Print exactly the lines of the listing below from the one containing "Білий Тойота Ленд" through the final line, both included, and no pictures.
:: SOURCE DATA ::
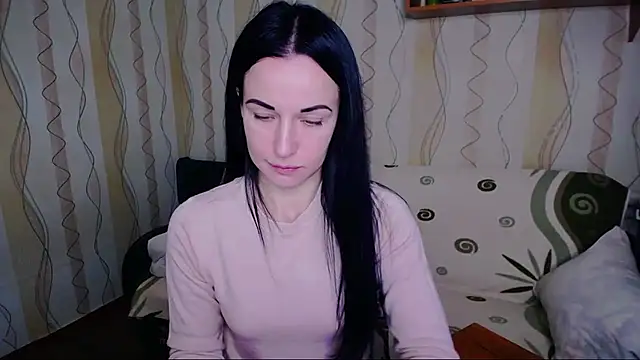 Snapshot of Lil_Elle chatting on January 16, 2025, 5:53 am Lil Elle online show from January 16, 2025, 5:53 am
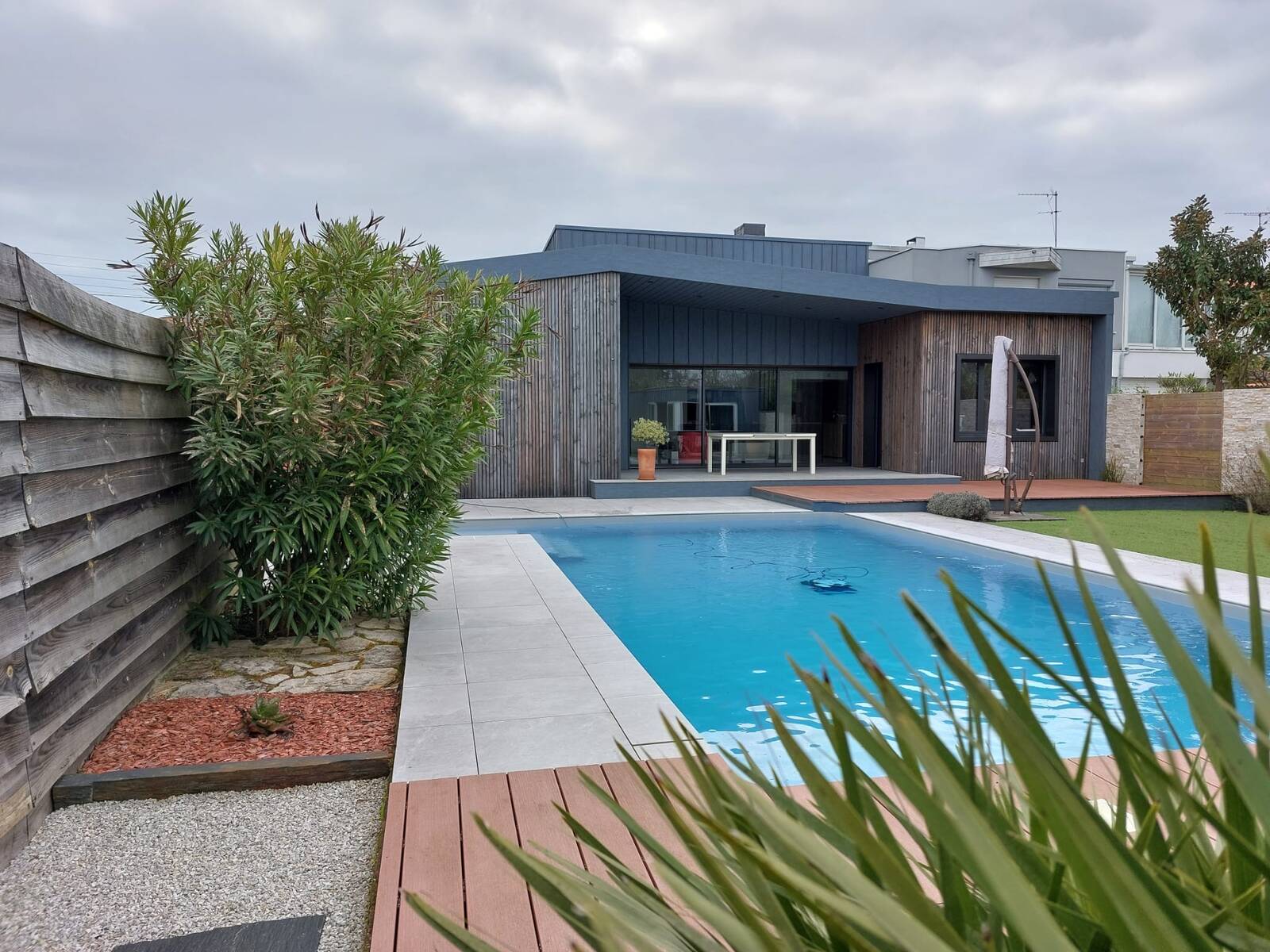 Maison valorisée par une terrasse Aqualyo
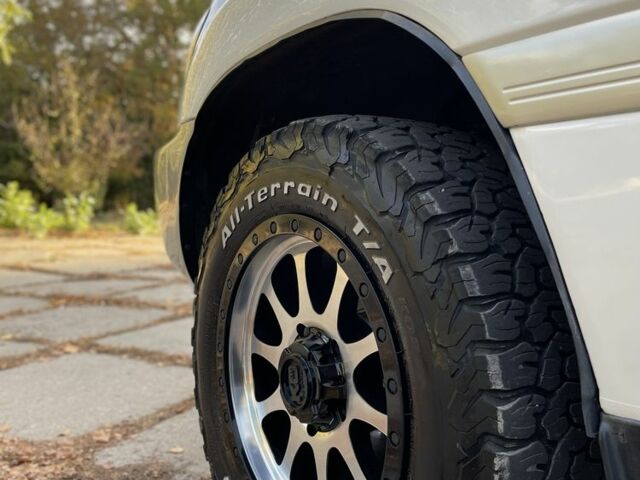 Білий Тойота Ленд Крузер 100, об'ємом двигуна 4.5 л та пробігом 330 тис. км за 15000 $, фото 13 на Automoto.ua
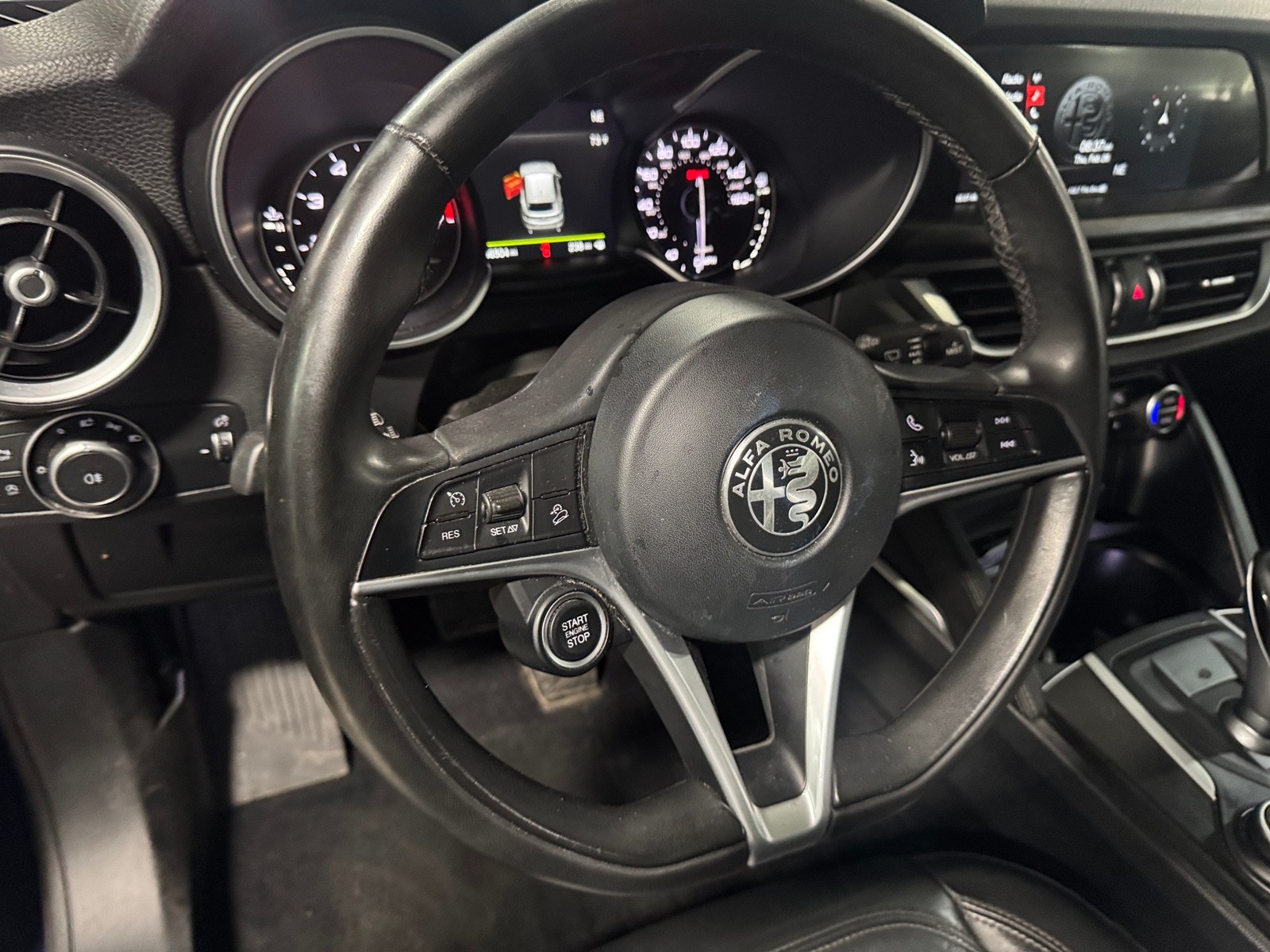 Thumbnail: 2019 Alfa Romeo Stelvio - 4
:::
ANSWER TO THIS EXERCISE
 Білий Тойота Ленд Крузер 100, об'ємом двигуна 4.5 л та пробігом 330 тис. км за 15000 $, фото 13 на Automoto.ua
 Thumbnail: 2019 Alfa Romeo Stelvio - 4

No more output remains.